В передке ее стояла прикрытая сверху плащ-палаткой плетенка, в нее были втиснуты три курицы. Я понял, что парень этот не промах: он успел прихватить их у хуторских жителей и, вероятно, не без скандала. Я подошел к телеге и вытряхнул из плетенки кур; они с криком метнулись, хлопая крыльями, теряя перья. Чертыханов не обиделся, нижнюю губу его скривила кислая улыбка – так улыбаются над поступками незлыми, но неразумными.
– Незаконно отпустили птицу, товарищ лейтенант, – сказал он со снисходительным осуждением. – Не подумавши. Против себя идете, заклятым врагам помогаете. – На мой вопросительный и строгий взгляд пояснил: – Фашист поймает этих самых курочек, ощиплет, сварит, нажрется и попрет на нас с удвоенной силой.
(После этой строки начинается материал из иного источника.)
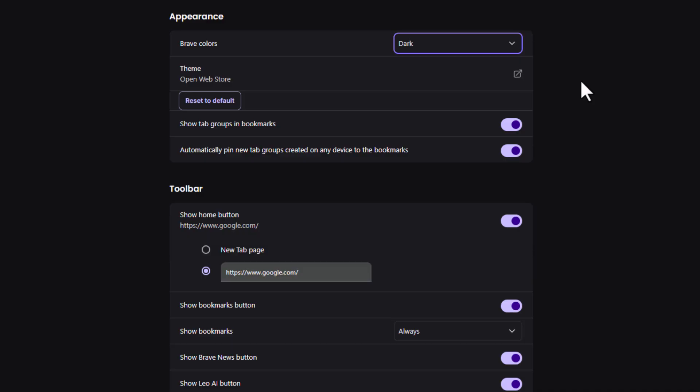That is how to enable or disable dark mode on the Brave web browser. Thanks for watching.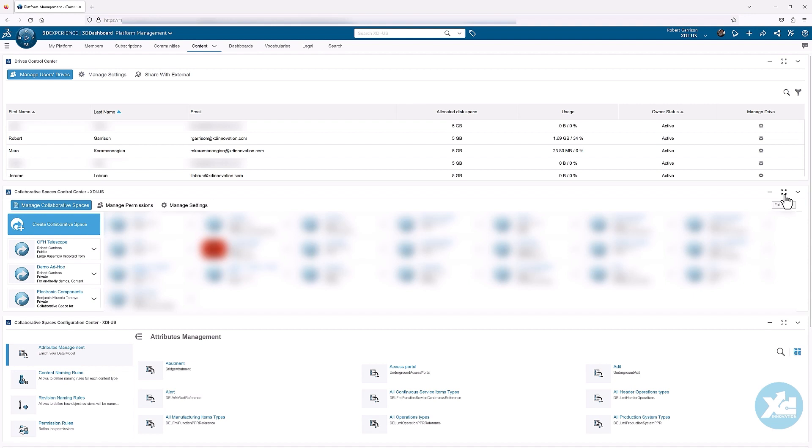If this is your first time accessing and managing the platform, you will only see the default starter collaborative space, which is named common space. While many customers store data in common space, we don't recommend it. All platform environments require at least one collaborative space, and that is why this one exists.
А у нас на обед и ужин пшенная каша без масла. Разве каша устоит против курятины?..
– Поменьше разговаривай! – оборвал я его.
– Есть поменьше разговаривать! – И опять громадная рука его тронула ухо.
Неловкий и нелепый жест этот казался чрезвычайно глупым, неуместным и раздражал. Я отвернулся. Подошел Щукин, снял каску и положил ее на телегу.
– Налицо тридцать один человек, из них четверо раненых. Рота… – Щукин тяжко и прерывисто вздохнул.
К сараю подтянулись бойцы, измученные, угрюмые, молчаливые; усталость словно подкосила их, почти все они сидели, разложив вокруг себя винтовки, оставшиеся гранаты, каски; ведро с водой переходило из рук в руки, пили через край, жадными глотками, обливаясь.
– Дадим передохнуть здесь или… – Щукин, очевидно по себе, чувствовал, как утомились бойцы. – Лучше все-таки уйти отсюда…
– Задерживаться нет смысла, – согласился я. – Надо дотемна добраться к месту ночлега. И кухня там, и безопасней.
Я позвал лейтенанта Смышляева, приказал ему построить роту и двигаться в направлении деревни Рогожка. Раненых положили и посадили на подводу. Бойцы неохотно, усилием воли, но терпеливо и безропотно вставали, вешали на себя оружие, так тяжело оттягивавшее натруженные плечи, пулеметчики впрягались в упряжку, чтобы тащить пулемет… Рота – вернее, жалкая горсточка людей, оставшаяся от полнокровной роты, сбившись в тесную группу, двинулась в свой долгий и горький путь на восток. Вскоре эта жалкая горсточка исчезла в лесу. О существовании ее едва ли знало теперь командование, но она, эта горсточка вооруженных людей, жила и готова была в любую минуту вступить с противником в бой: она потеряла связь со штабом, но сохранила связь с родной землей.
Неподалеку от деревни мы нашли наши «тылы» – единственную и желанную походную кухню. Старшина Оня Свидлер выслал навстречу нам красноармейца Хохолкова, повара и ездового, чтобы мы не плутали попусту. Но и без него мы безошибочно шли к цели: дурманящий сознание, пронизывающий насквозь запах дыма и вкусной пищи заставлял нас почти бежать. Оня Свидлер, длинный, страшно худой парень с 'крупным горбатым носом, продолговатыми, всегда мерцавшими сухим блеском глазами и ровными зубами, ослепительно белыми на темном, прокаленном зноем лице, еще издали неунывающе-весело закричал бойцам:
– Торопитесь, товарищи! Объявляю программу торжественного ужина. Мы давно не ужинали в такой тишине. Сначала смываются с прекрасных боевых лиц пыль и пот – холодной воды полный котел, – затем мой ассистент, – жест в сторону Хохолкова, – произведет каждому вливание огненной влаги, затем ужин – такой каши не пробовал и царь Додон! Ну а потом танцы до утра с храпом и сновидениями! – Оня засмеялся, сверкая зубами. Ожили и заулыбались и лица бойцов: какую-то долю тяжести сняли с плеч шутливые прибаутки старшины. Люди загремели котелками, протискивались к большому котлу, чтобы зачерпнуть студеной воды. Многие стаскивали с себя гимнастерки и, фыркая, мылись до пояса.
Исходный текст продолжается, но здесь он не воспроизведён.